__ASSIGNED TASK__
Scan the listing below and copy each line holding the word "Solitaire".

__SUPPLIED INFORMATION__

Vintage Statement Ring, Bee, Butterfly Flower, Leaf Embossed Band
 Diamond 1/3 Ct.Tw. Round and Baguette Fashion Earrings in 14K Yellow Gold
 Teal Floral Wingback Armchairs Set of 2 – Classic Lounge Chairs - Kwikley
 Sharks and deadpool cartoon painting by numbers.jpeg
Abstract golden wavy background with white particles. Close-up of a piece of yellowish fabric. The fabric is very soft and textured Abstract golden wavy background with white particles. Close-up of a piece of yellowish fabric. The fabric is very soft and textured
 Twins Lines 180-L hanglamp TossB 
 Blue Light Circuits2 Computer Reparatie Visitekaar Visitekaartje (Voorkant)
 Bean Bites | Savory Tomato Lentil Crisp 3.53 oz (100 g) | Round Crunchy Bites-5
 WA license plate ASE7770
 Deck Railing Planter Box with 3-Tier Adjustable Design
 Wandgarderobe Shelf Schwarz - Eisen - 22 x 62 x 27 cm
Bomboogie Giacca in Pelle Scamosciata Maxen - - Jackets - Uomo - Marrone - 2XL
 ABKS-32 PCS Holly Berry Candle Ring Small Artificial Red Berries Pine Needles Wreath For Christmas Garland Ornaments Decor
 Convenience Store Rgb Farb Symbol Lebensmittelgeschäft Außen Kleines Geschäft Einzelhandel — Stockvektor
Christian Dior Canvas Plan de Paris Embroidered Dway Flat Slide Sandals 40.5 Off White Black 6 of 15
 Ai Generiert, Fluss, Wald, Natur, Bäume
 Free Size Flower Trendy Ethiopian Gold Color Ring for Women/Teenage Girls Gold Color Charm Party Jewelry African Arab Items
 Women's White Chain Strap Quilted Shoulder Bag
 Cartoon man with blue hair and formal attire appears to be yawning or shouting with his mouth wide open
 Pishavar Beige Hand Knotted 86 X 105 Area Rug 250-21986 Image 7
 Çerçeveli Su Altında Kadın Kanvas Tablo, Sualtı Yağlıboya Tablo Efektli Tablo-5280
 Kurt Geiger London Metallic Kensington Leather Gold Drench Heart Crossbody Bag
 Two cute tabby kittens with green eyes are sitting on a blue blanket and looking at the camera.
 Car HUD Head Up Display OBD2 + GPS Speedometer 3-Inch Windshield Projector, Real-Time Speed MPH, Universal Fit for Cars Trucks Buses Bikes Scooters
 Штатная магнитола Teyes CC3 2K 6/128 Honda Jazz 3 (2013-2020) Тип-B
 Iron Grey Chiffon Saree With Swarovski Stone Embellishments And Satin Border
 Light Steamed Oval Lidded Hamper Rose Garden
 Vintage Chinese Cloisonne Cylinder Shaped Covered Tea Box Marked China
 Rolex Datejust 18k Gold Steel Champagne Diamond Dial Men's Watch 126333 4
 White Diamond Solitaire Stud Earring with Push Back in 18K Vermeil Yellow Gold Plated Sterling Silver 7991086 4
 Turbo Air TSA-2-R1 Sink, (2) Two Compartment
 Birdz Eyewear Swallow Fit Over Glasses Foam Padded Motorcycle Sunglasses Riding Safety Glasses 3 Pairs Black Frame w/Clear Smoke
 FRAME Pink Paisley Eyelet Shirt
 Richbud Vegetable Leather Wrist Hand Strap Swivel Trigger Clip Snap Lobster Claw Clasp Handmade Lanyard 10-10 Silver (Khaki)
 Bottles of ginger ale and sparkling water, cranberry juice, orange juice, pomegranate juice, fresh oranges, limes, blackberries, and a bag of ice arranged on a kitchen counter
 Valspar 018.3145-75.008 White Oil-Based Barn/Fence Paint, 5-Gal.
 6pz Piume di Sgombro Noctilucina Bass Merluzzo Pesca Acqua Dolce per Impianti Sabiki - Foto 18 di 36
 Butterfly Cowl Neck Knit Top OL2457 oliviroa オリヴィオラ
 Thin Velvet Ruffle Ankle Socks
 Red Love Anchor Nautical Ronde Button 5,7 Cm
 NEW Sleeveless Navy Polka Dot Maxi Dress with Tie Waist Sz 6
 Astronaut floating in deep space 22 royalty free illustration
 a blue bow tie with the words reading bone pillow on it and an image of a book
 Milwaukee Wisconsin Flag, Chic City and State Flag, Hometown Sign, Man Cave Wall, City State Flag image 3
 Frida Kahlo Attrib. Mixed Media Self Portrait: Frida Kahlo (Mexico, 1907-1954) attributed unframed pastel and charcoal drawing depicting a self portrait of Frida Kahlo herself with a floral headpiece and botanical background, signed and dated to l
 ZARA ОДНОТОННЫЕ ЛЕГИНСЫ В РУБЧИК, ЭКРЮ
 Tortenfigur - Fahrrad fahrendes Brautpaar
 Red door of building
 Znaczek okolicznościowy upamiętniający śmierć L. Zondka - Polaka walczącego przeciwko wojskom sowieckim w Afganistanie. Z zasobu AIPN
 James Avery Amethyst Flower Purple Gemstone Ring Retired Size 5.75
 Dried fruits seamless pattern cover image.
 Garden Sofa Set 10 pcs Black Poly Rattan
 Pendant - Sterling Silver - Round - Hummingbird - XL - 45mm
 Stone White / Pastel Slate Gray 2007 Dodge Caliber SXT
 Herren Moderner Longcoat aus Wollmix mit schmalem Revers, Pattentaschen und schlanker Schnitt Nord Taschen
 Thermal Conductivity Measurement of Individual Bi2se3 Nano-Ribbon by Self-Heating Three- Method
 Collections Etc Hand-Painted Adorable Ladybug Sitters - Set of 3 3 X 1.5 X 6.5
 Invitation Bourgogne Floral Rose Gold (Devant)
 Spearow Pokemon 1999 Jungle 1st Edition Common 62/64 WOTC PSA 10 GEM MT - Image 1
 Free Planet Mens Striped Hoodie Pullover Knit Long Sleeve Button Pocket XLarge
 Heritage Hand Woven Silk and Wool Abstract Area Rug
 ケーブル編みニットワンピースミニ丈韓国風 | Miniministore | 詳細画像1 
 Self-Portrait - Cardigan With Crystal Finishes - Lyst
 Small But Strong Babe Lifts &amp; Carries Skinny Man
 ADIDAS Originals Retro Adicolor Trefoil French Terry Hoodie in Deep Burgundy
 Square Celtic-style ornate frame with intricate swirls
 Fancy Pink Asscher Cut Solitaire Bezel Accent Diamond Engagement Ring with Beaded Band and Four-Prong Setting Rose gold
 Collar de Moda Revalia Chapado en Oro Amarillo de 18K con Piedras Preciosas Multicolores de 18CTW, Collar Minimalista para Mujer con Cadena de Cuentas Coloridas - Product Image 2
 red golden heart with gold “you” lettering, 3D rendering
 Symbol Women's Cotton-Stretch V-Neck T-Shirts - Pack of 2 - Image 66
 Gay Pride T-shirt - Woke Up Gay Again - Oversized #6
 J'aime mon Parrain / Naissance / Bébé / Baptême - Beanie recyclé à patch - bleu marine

__ANSWER FOR THE TASK__
 White Diamond Solitaire Stud Earring with Push Back in 18K Vermeil Yellow Gold Plated Sterling Silver 7991086 4
 Fancy Pink Asscher Cut Solitaire Bezel Accent Diamond Engagement Ring with Beaded Band and Four-Prong Setting Rose gold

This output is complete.